SOURCE DATA:
- - - - -

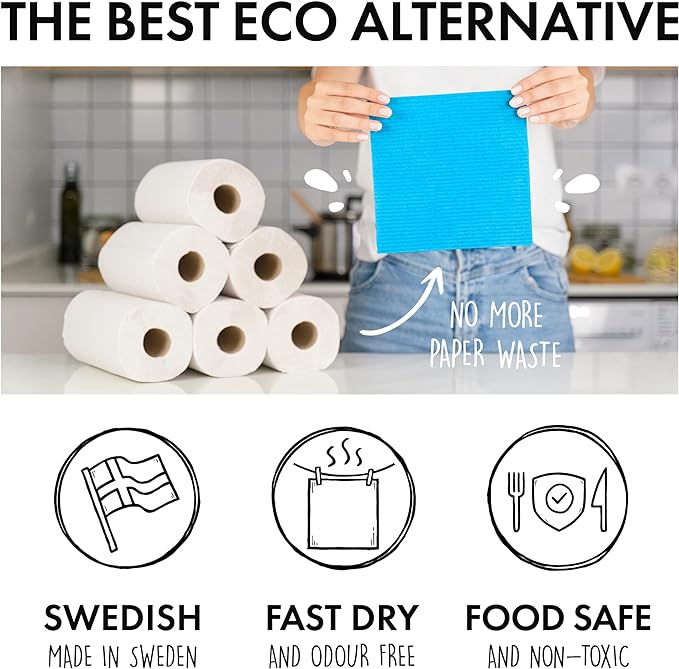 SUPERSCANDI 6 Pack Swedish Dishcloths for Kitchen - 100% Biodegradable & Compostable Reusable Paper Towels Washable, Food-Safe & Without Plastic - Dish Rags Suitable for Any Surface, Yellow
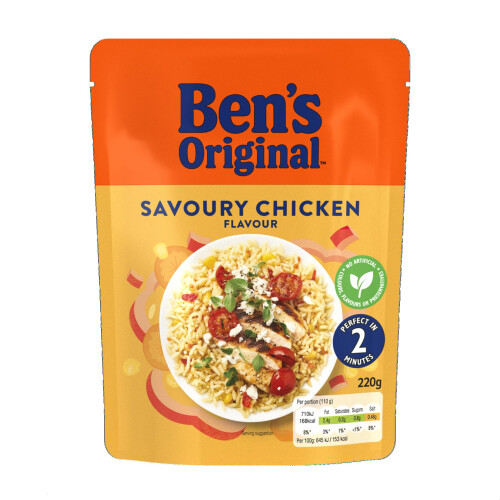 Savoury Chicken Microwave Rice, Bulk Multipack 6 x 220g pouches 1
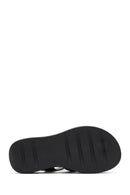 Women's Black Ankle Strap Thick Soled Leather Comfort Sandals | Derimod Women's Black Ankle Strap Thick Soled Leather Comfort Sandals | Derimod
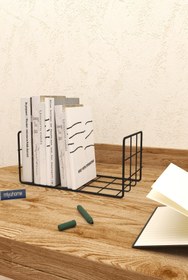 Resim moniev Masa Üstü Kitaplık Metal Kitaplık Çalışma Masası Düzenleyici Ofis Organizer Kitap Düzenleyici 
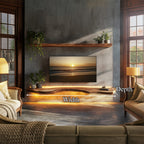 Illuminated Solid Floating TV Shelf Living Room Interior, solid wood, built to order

- - - - -

EXERCISE OBJECTIVE: Would you transcribe exactly, and only, the lines from the one containing "Derimod Women's Black" through the last line of the records above, both included, leaving out the pictures?

RESPONSE:
 Women's Black Ankle Strap Thick Soled Leather Comfort Sandals | Derimod Women's Black Ankle Strap Thick Soled Leather Comfort Sandals | Derimod
 Resim moniev Masa Üstü Kitaplık Metal Kitaplık Çalışma Masası Düzenleyici Ofis Organizer Kitap Düzenleyici 
 Illuminated Solid Floating TV Shelf Living Room Interior, solid wood, built to order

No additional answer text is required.